Eu falei o quanto era agressivo ouvir isso, ele me disse mais uma vez que ‘devemos separar a privada da pessoa do profissional.’
Se trata de um professor que assedia mulheres, eu só não consigo esquecer esse ‘detalhe’. Eu não consigo separar um assediador de seu trabalho. E eu tenho raiva de quem consegue. Porque pra mim, mulher, estudante, feminista, sequer pensar na hipótese de separar o pessoal do profissional dói. E dói muito.
Eu não quero fazer isso e não quero que ninguém no mundo faça.
O que mais existe são homens que assediam, que estupram, que agridem, que contribuem para que a vida de mulheres seja um inferno, mas são ‘ótimos profissionais’. E o mundo olha para essas caras dia após dia e continua enaltecendo-os. Dizendo o quão geniais são, o quanto suas obras são incríveis. E as mulheres que foram assediadas, estupradas, agredidas, tiveram a vida transformada em um inferno, são esquecidas.
Naquela noite, meu amigo me dizia como para ele era impossível sequer pensar em condenar o trabalho de um cara pela sua pessoa, “então se um homem faz uma coisa errada eu não posso gostar de nenhum texto que ele escreveu ou filme que fez?”. Ouvi essas perguntas como se eu fosse a pessoa mais louca que já existiu.
Ele continuava tentando me explicar como se sentia, e como para ele isso era irracional, e prejudicial, e não fazia nem um sentido. E quanto mais eu escutava com mais raiva eu ficava. Eu fico tão enfurecida com essa fala. Eu me sinto pessoalmente ofendida.
É um homem que assedia mulheres.
Isso deveria vir antes de qualquer coisa. Sempre. E na minha mente é extremamente injusto que ele não consiga pensar assim, como eu. Eu sei que ele é não é mulher. Eu sei que quando anda na rua à noite ele não sente medo de ter seu corpo violado. Eu sei que quando olha nos olhos de um assediador não sente o mesmo que sinto.
Mas o fato de ele não conseguir repudiar automaticamente o trabalho de um cara que assediou uma mulher me deixa furiosa. Eu não consigo nem pensar em tentar entendê-lo. Isso pra mim parece algo tão injusto e tão agressivo que eu não quero entender. Eu não quero entender como ele se sente. Eu não quero ter que continuar ouvindo.

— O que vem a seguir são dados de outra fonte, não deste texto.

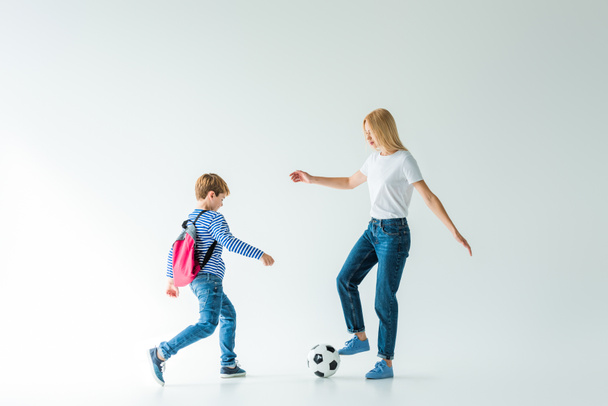 mother and son with backpack playing football on white - Photo, Image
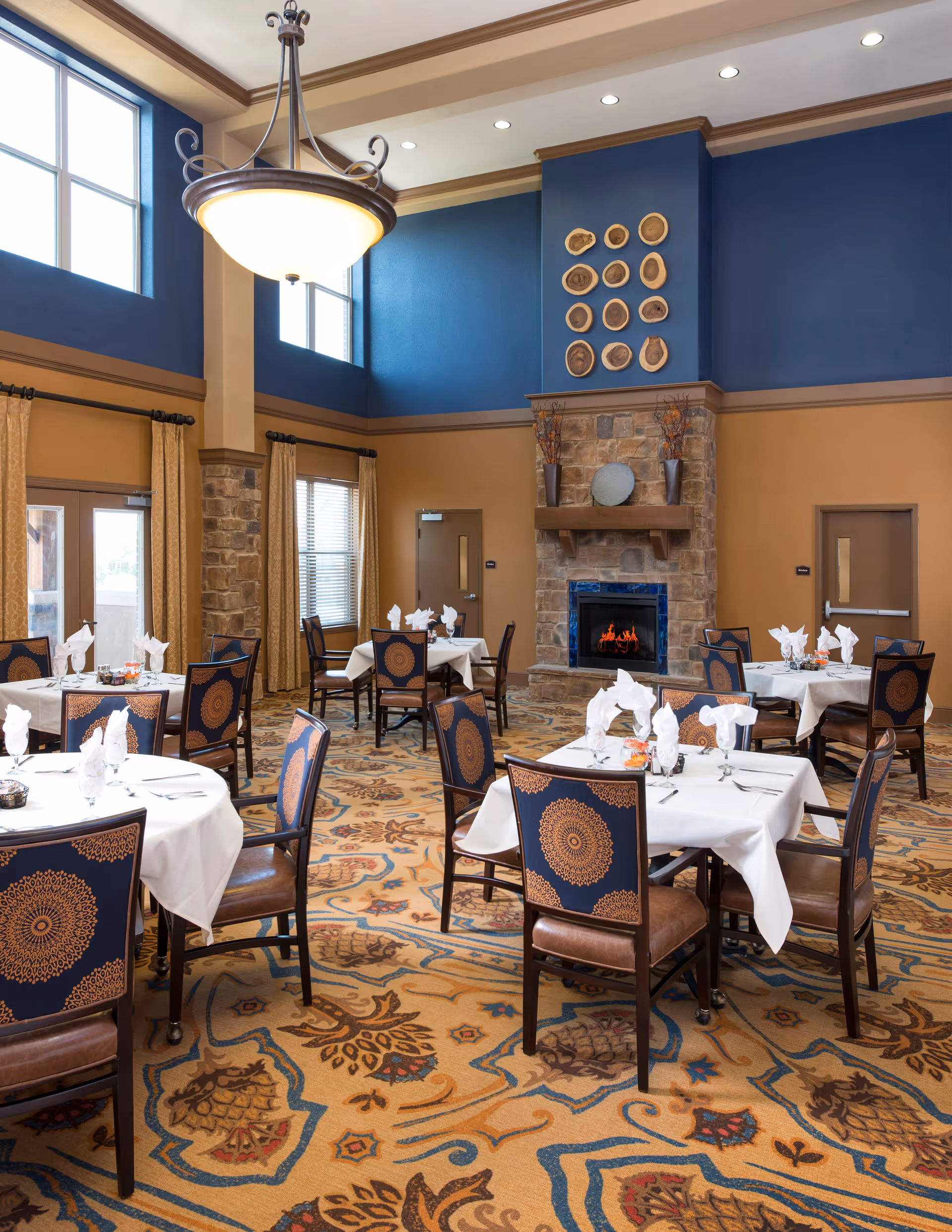 A dining room with several tables covered in white tablecloths, each set with napkins, glasses, and silverware. The room features a high ceiling with large windows, a decorative chandelier, and a stone fireplace with a fire burning. The walls are painted blue and tan, and the carpet has an intricate pattern. Chairs with blue and orange patterned upholstery surround the tables.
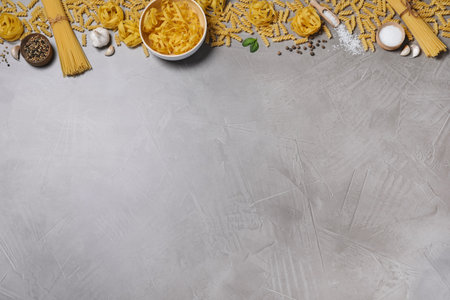 Flat lay composition with different types of pasta on gray table, space or textの写真素材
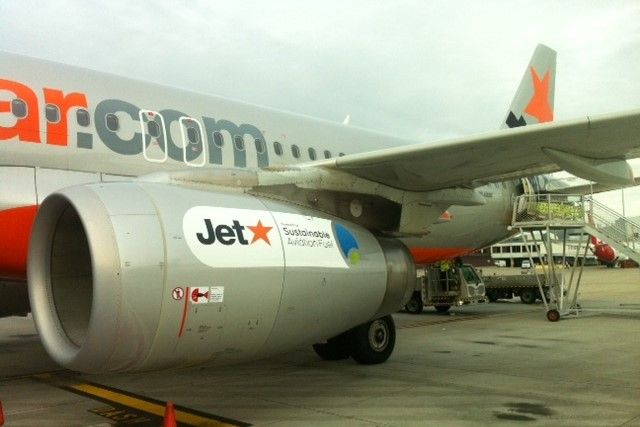 Australian Jetstar Airways has its first flight using biofuels in 2012 using half recycled cooking oil and half traditional jet fuel. A jet sits on a tarmack and on its engine is a sticker with the Jetstar logo and 'sustainable aviation fuel' on it.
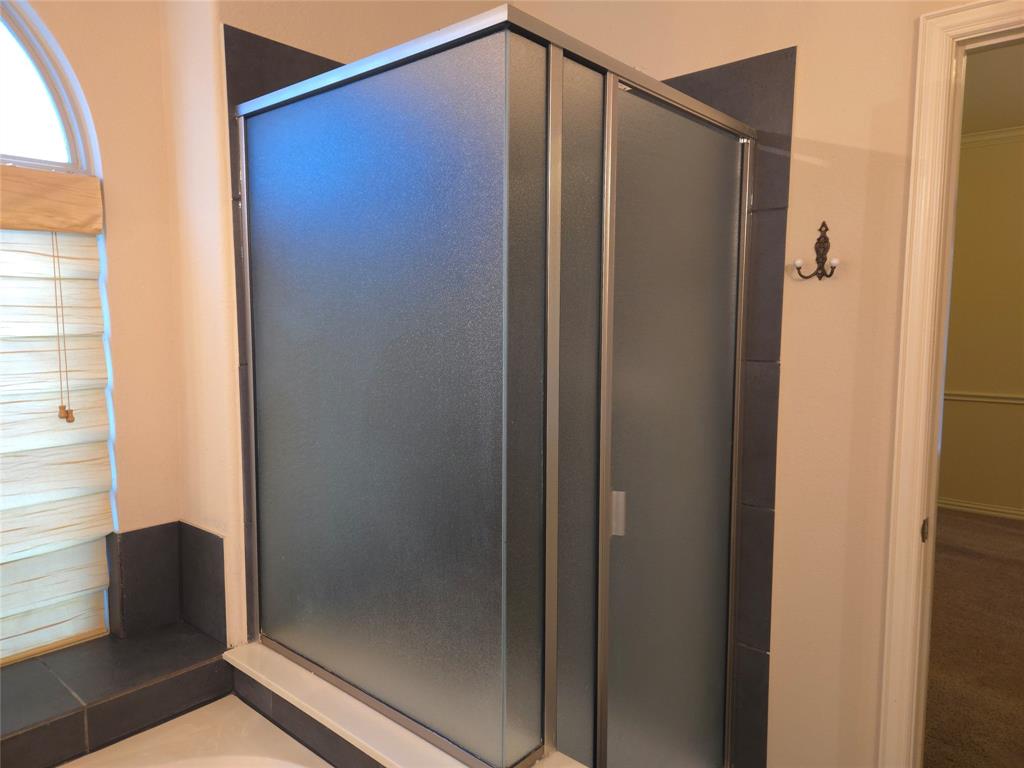 9316 Turtle Pass Fort Worth, TX 76177 - Photo 26 of 38 a bathroom with a glass shower door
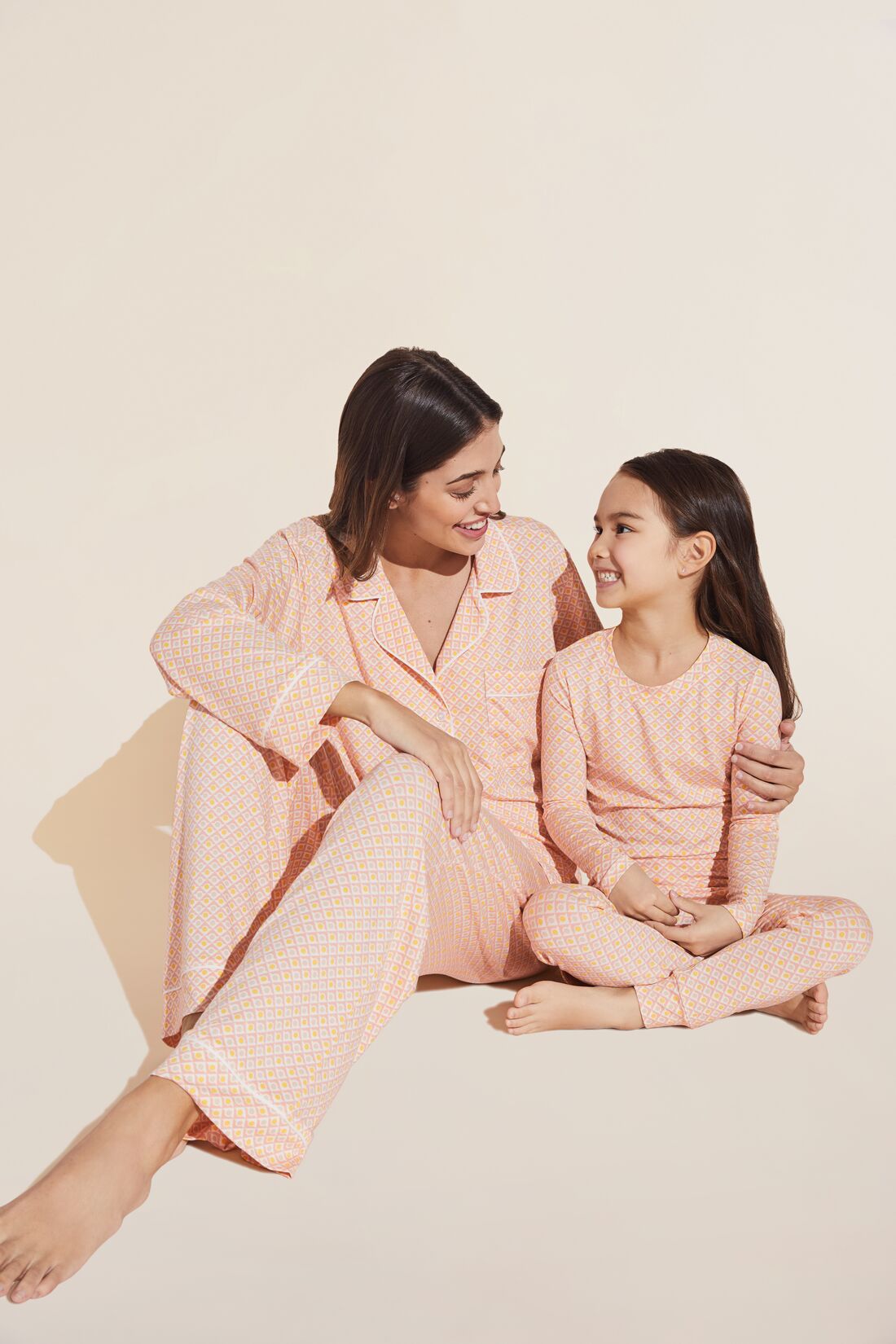 Model wears Kids Printed TENCEL™ Modal Unisex Long PJ Set in geo rose cloud.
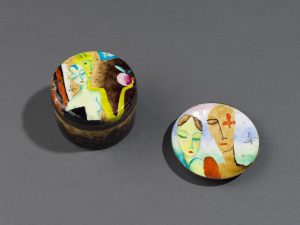 Small, lidded box and dish decorated with abstracted faces of women and colorful geometric forms.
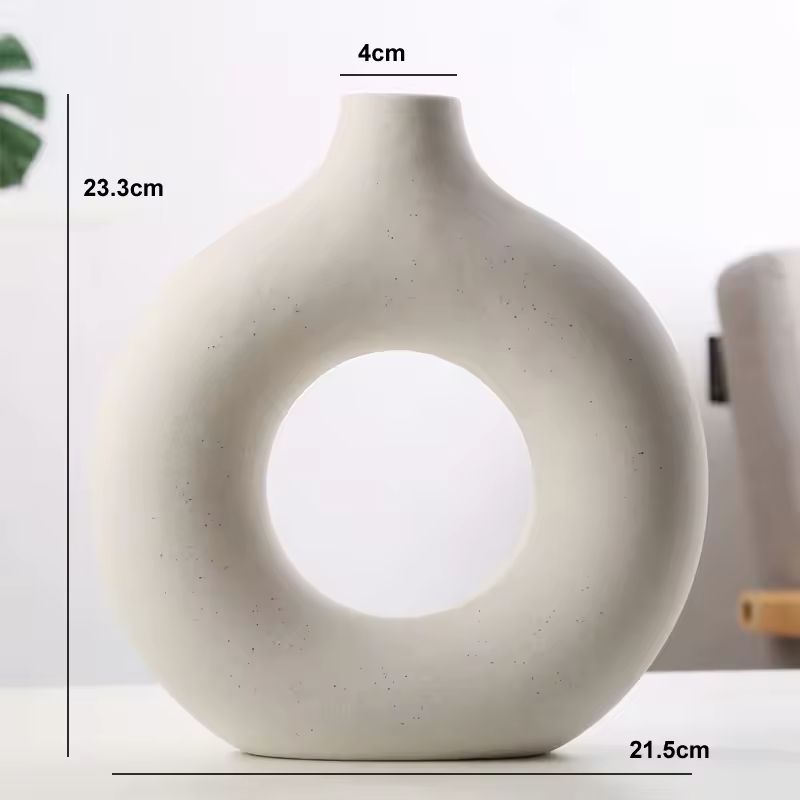Dimensions of the white Maison Donut ceramic vase measuring 23.3 cm high and 21.5 cm wide.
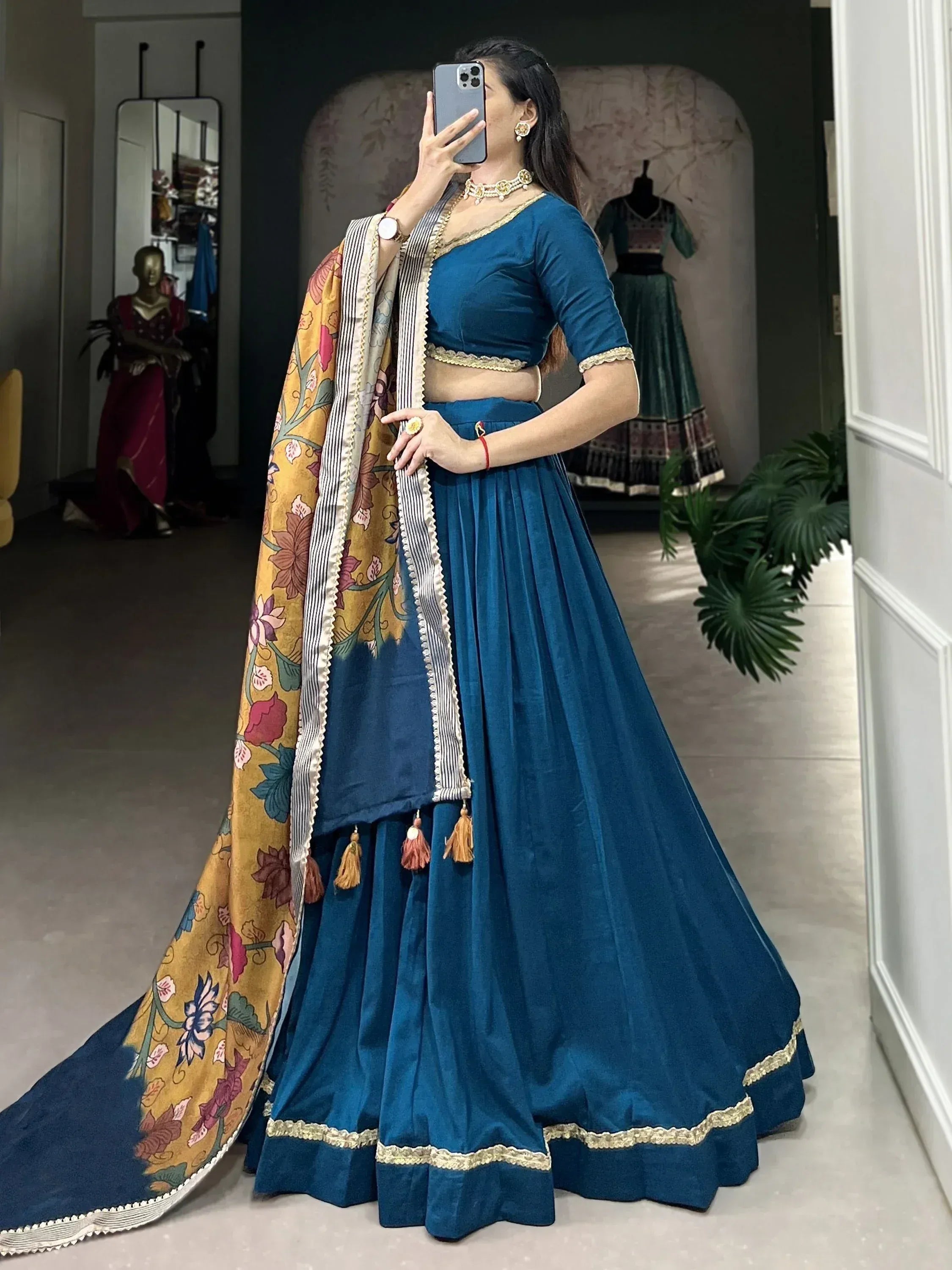 Teal velvet lehenga choli with floral dupatta, gold trim, and tassels for Indian ethnic wear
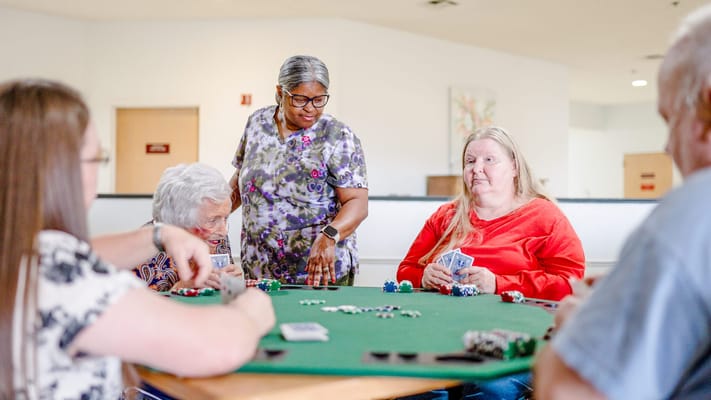 Residents participating in a card game with staff assistance
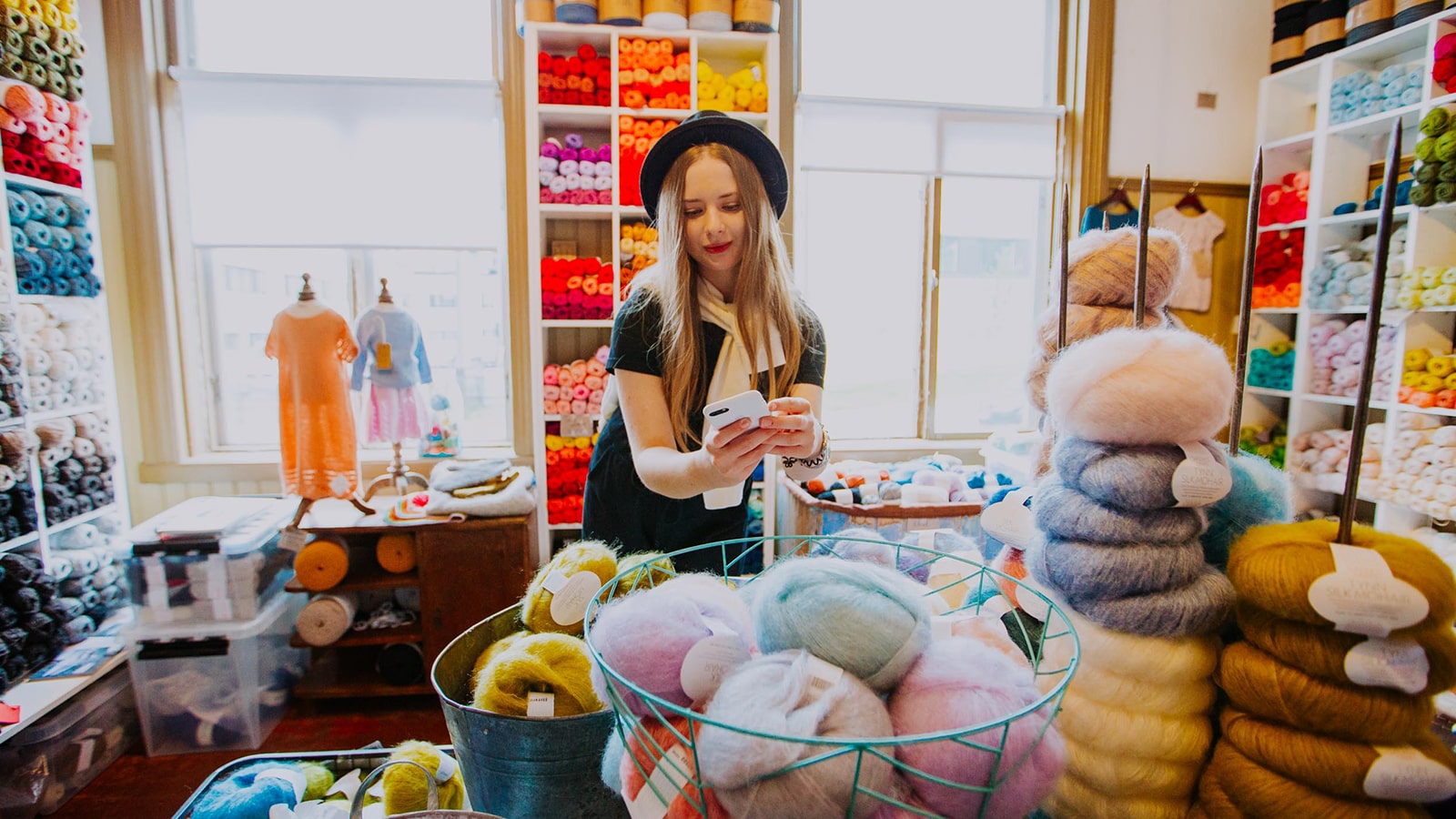 Person looking at the products at Titityy yarn shop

Homens recebem um passe livre para serem assediadores porque sabem que socialmente suas obras continuarão sendo bem vistas. Mulheres não têm essa sorte. Quando se trata de produções do gênero feminino a primeira coisa a ser feita é vasculhar o privado de cada uma, procurar um erro, um detalhe.
Durante toda minha vida eu tentei pensar de outro modo, entender outra realidade, ter empatia por diferentes aflições. Mas, pela primeira vez, não quero entender o sentimento de alguém. Por que é muito, muito doloroso.
Foi naquela noite que eu senti na pele a desigualdade de gêneros. A incapacidade dele de entender algo que pra mim é tão forte e tão vivo nunca poderia conviver pacificamente com a minha rejeição em ter empatia. Isso é desigualdade. É sentir o mundo de outra forma e nunca ser capaz de compreender o seu oposto.
Eu não quero justificativas. Não quero explicações. E não quero separar a vida privada de um homem de sua profissão. Nunca.